All entries are to be quoted exactly; the images stay out of the copy.

**Material shown:**
Segment Open

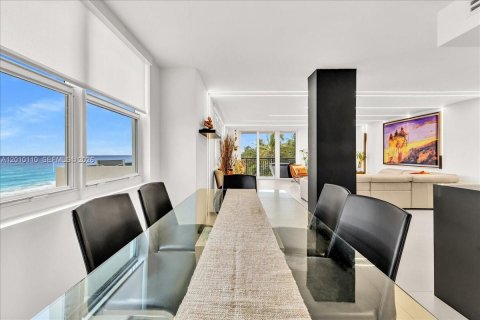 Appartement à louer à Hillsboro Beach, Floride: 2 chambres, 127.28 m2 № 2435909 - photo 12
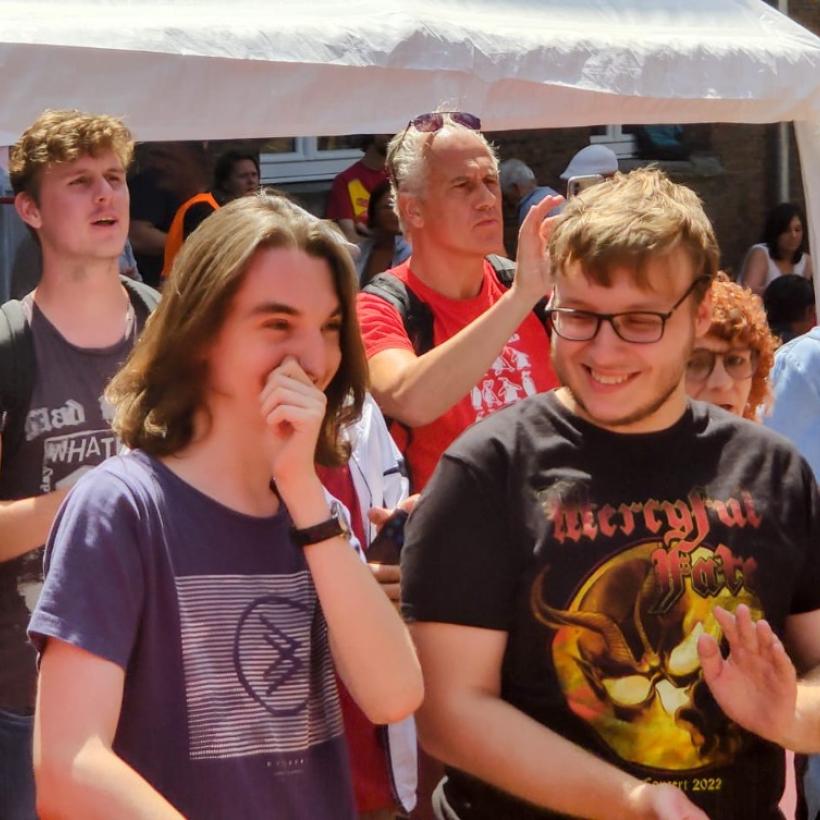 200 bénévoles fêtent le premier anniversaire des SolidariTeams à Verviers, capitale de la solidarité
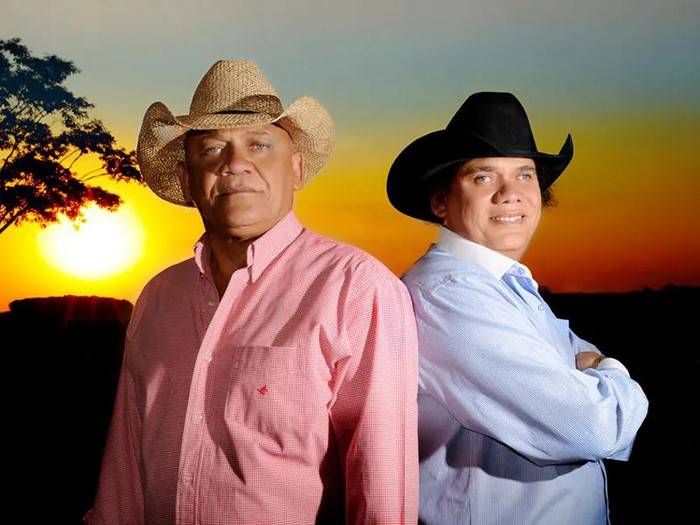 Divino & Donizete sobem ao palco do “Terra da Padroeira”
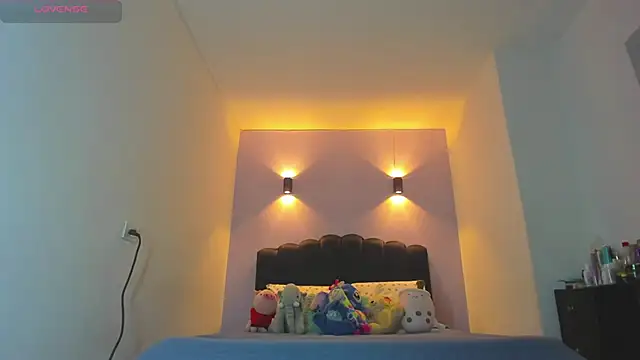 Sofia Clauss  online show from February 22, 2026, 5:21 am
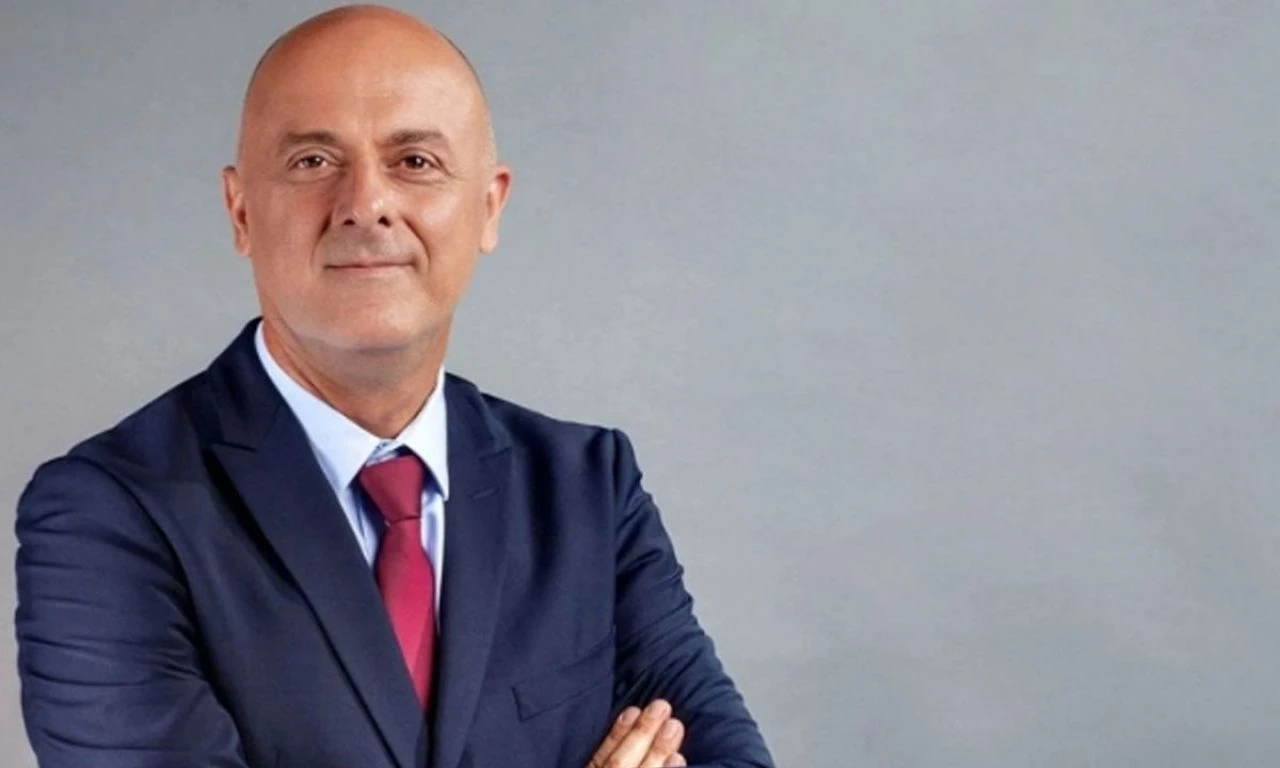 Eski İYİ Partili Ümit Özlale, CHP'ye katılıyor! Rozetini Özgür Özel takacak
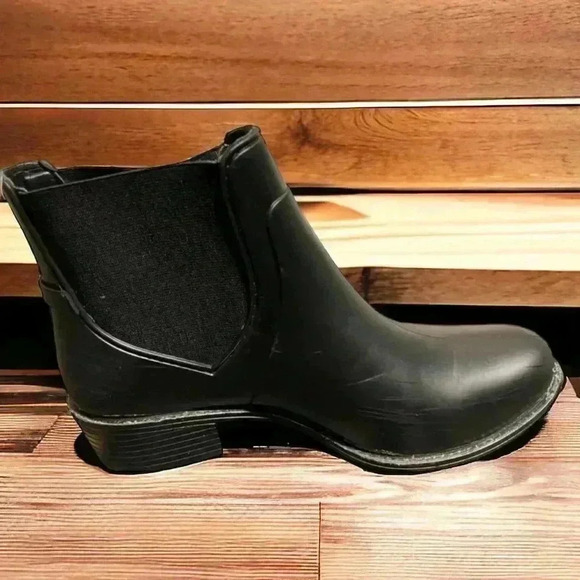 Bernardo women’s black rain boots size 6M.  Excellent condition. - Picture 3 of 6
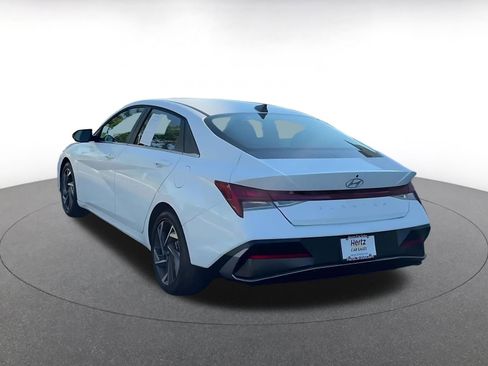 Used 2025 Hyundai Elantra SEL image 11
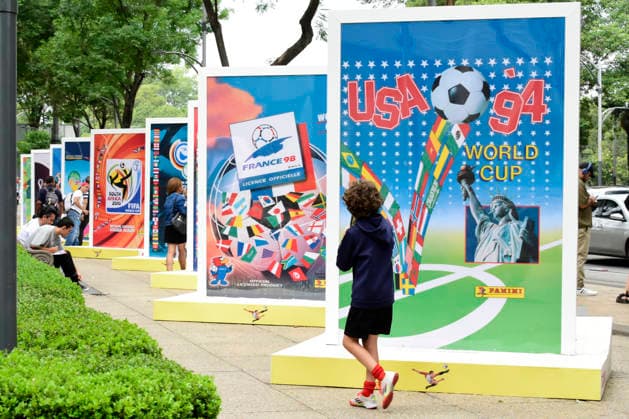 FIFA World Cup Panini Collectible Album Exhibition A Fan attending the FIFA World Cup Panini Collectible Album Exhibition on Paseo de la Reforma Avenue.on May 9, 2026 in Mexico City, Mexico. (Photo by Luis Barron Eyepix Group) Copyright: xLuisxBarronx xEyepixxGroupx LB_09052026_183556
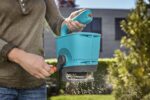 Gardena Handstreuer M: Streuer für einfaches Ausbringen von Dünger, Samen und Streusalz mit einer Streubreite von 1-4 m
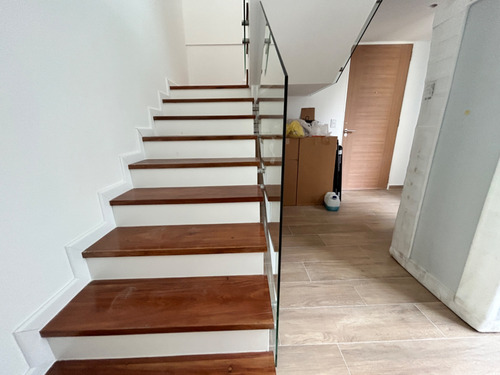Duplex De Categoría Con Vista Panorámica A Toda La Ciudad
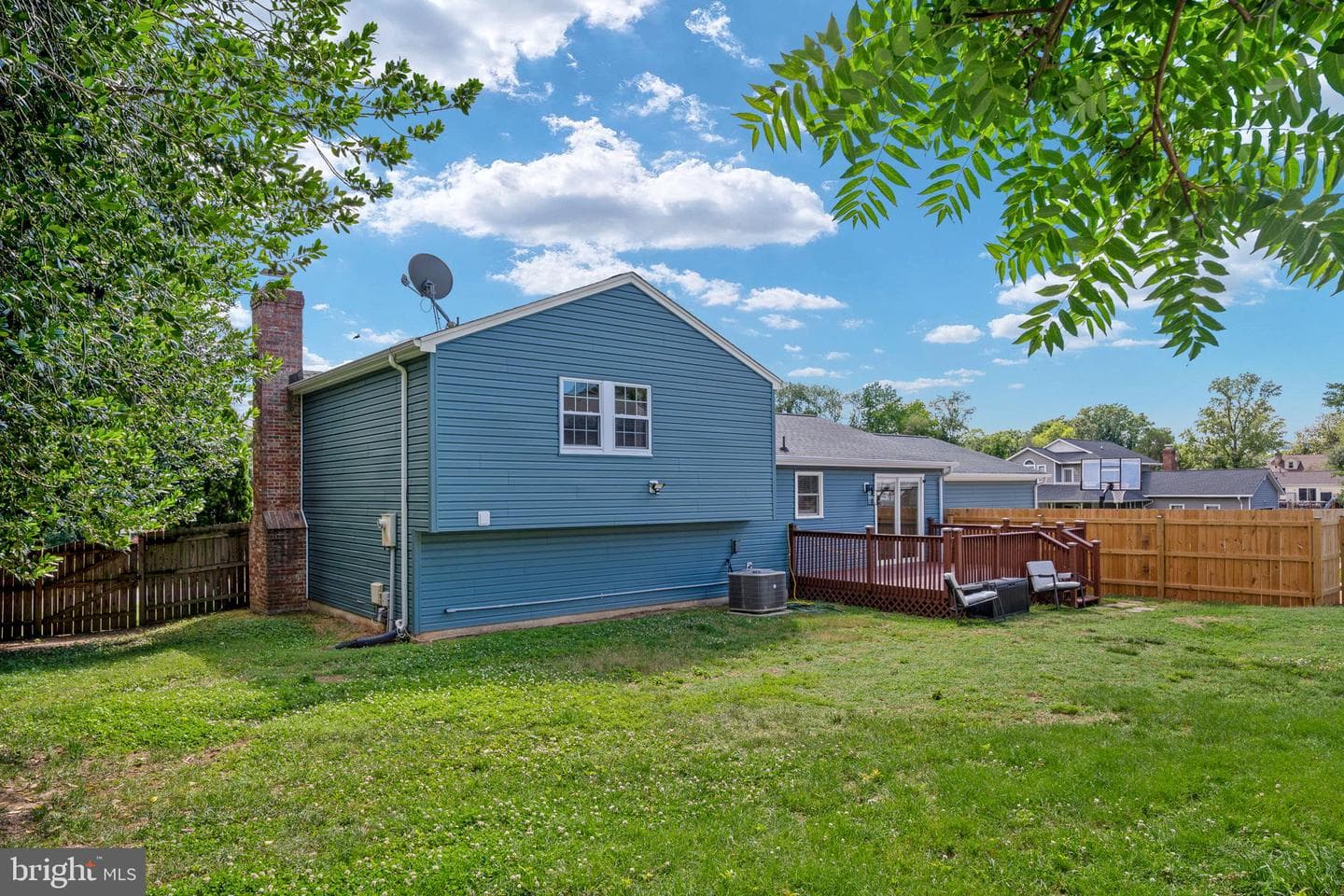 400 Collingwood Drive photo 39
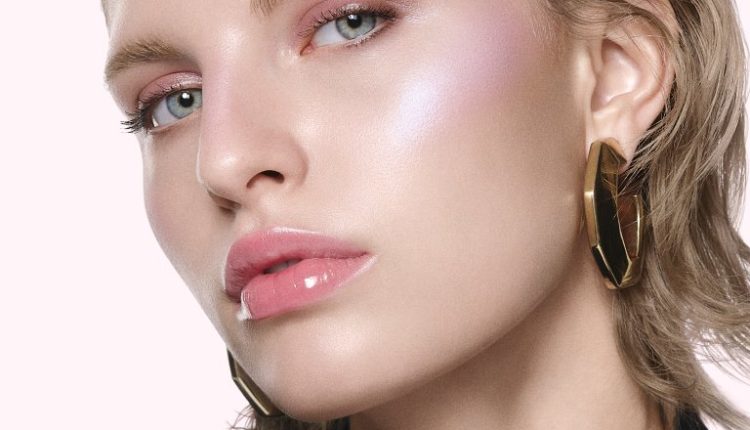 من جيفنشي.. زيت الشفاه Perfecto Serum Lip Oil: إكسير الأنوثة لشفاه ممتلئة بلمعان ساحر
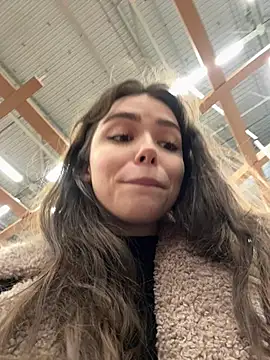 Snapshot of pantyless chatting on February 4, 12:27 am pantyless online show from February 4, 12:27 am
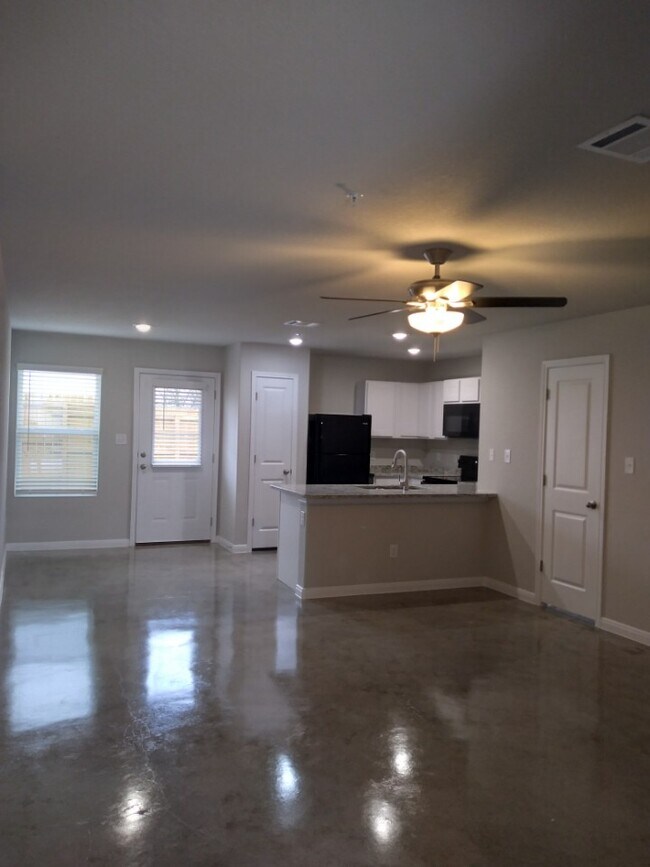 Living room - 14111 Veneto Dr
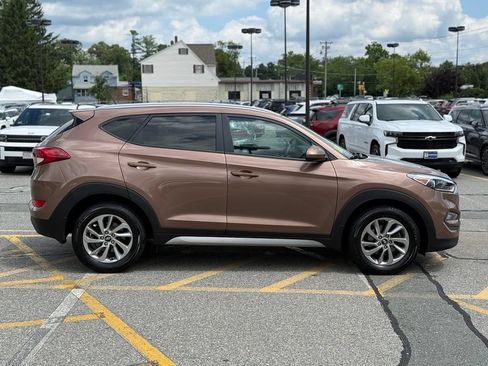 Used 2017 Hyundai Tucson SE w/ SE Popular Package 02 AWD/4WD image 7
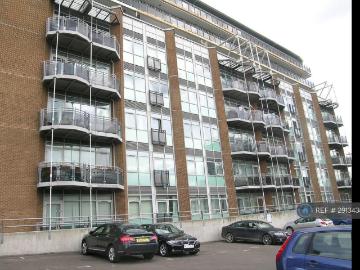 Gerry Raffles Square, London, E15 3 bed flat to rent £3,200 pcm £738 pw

Segment Closed

**Exercise response:**
 Appartement à louer à Hillsboro Beach, Floride: 2 chambres, 127.28 m2 № 2435909 - photo 12
 200 bénévoles fêtent le premier anniversaire des SolidariTeams à Verviers, capitale de la solidarité
 Divino & Donizete sobem ao palco do “Terra da Padroeira”
 Sofia Clauss  online show from February 22, 2026, 5:21 am
 Eski İYİ Partili Ümit Özlale, CHP'ye katılıyor! Rozetini Özgür Özel takacak
 Bernardo women’s black rain boots size 6M.  Excellent condition. - Picture 3 of 6
 Used 2025 Hyundai Elantra SEL image 11
 FIFA World Cup Panini Collectible Album Exhibition A Fan attending the FIFA World Cup Panini Collectible Album Exhibition on Paseo de la Reforma Avenue.on May 9, 2026 in Mexico City, Mexico. (Photo by Luis Barron Eyepix Group) Copyright: xLuisxBarronx xEyepixxGroupx LB_09052026_183556
 Gardena Handstreuer M: Streuer für einfaches Ausbringen von Dünger, Samen und Streusalz mit einer Streubreite von 1-4 m
Duplex De Categoría Con Vista Panorámica A Toda La Ciudad
 400 Collingwood Drive photo 39
 من جيفنشي.. زيت الشفاه Perfecto Serum Lip Oil: إكسير الأنوثة لشفاه ممتلئة بلمعان ساحر
 Snapshot of pantyless chatting on February 4, 12:27 am pantyless online show from February 4, 12:27 am
 Living room - 14111 Veneto Dr
 Used 2017 Hyundai Tucson SE w/ SE Popular Package 02 AWD/4WD image 7
 Gerry Raffles Square, London, E15 3 bed flat to rent £3,200 pcm £738 pw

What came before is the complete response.